╔══
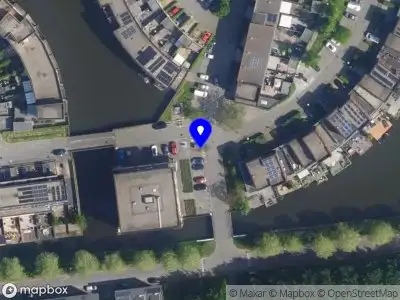 Brandweer met grote spoed naar de Lucky Lukestraat in Almere vanwege afhijsen patient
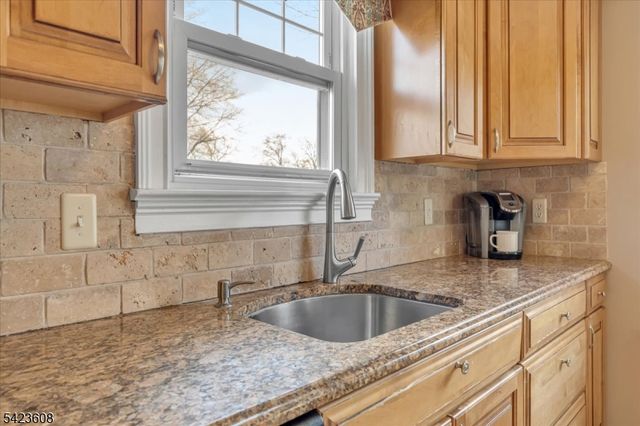 111 Columbia Ave, Cranford Twp., NJ 07016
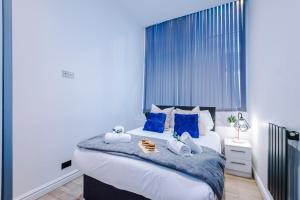 Modern 2-Bedroom Apt In the Heart of City Centre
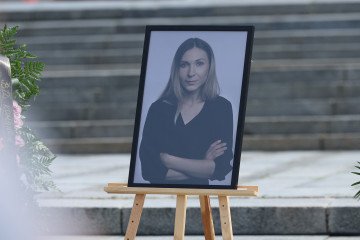 Ukraine Sanctions Moscow Judge Linked to Viktoriia Roshchyna’s Imprisonment A portrait of Ukrainian journalist Viktoriia Roshchyna is seen during a farewell ceremony on Maidan Nezalezhnosti on August 8, 2025 in Kyiv, Ukraine. (Source: Getty Images)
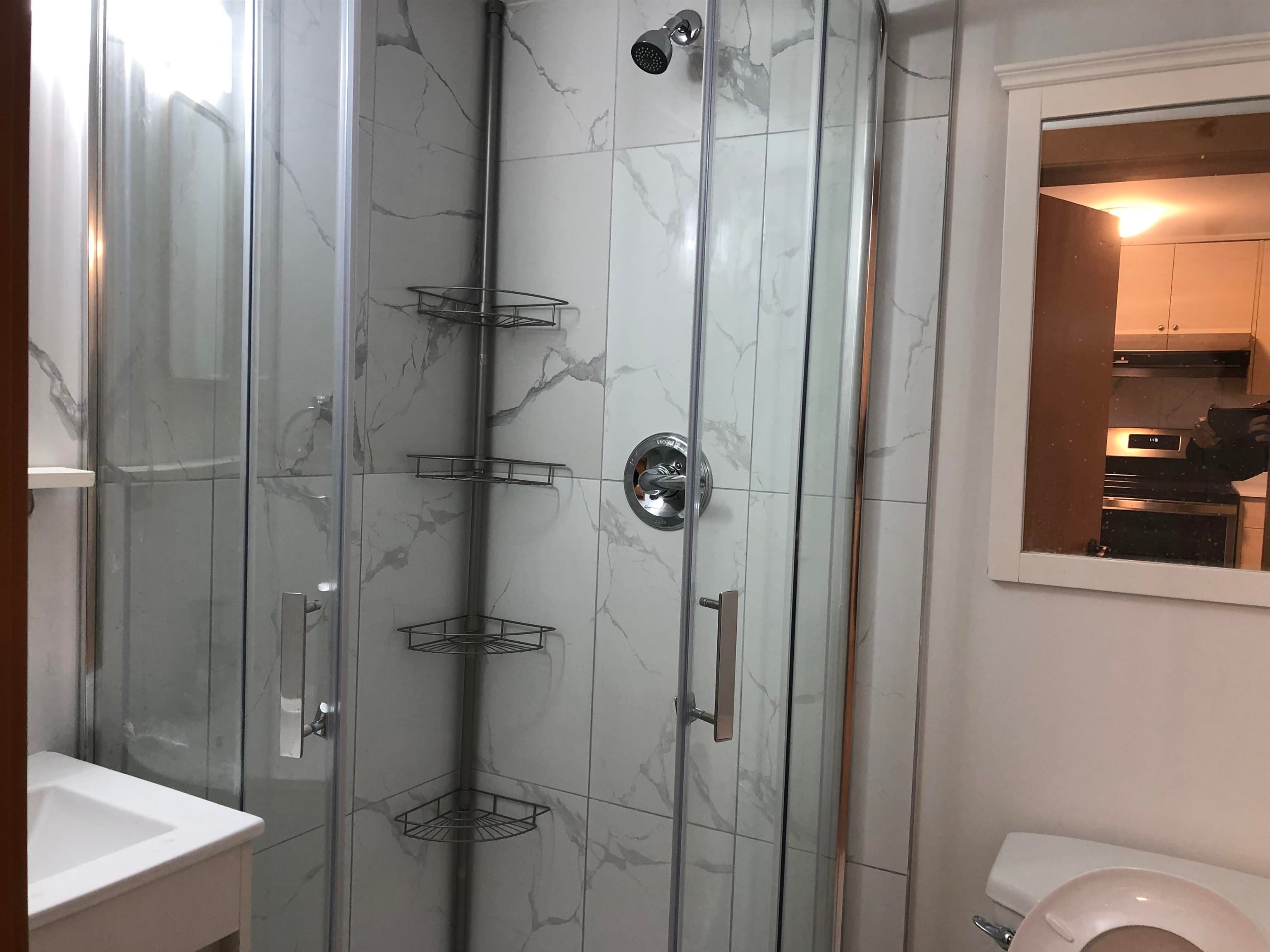 2 - 4136 Gilpin Crescent, Burnaby, V5G 2K2 — photo 3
╚══
_Exercise objective_. Reproduce only the lines between the line with "Ukraine Sanctions Moscow" and the final line of the records, both included, so that the copy matches them exactly and contains no pictures.

_Answer_.
 Ukraine Sanctions Moscow Judge Linked to Viktoriia Roshchyna’s Imprisonment A portrait of Ukrainian journalist Viktoriia Roshchyna is seen during a farewell ceremony on Maidan Nezalezhnosti on August 8, 2025 in Kyiv, Ukraine. (Source: Getty Images)
 2 - 4136 Gilpin Crescent, Burnaby, V5G 2K2 — photo 3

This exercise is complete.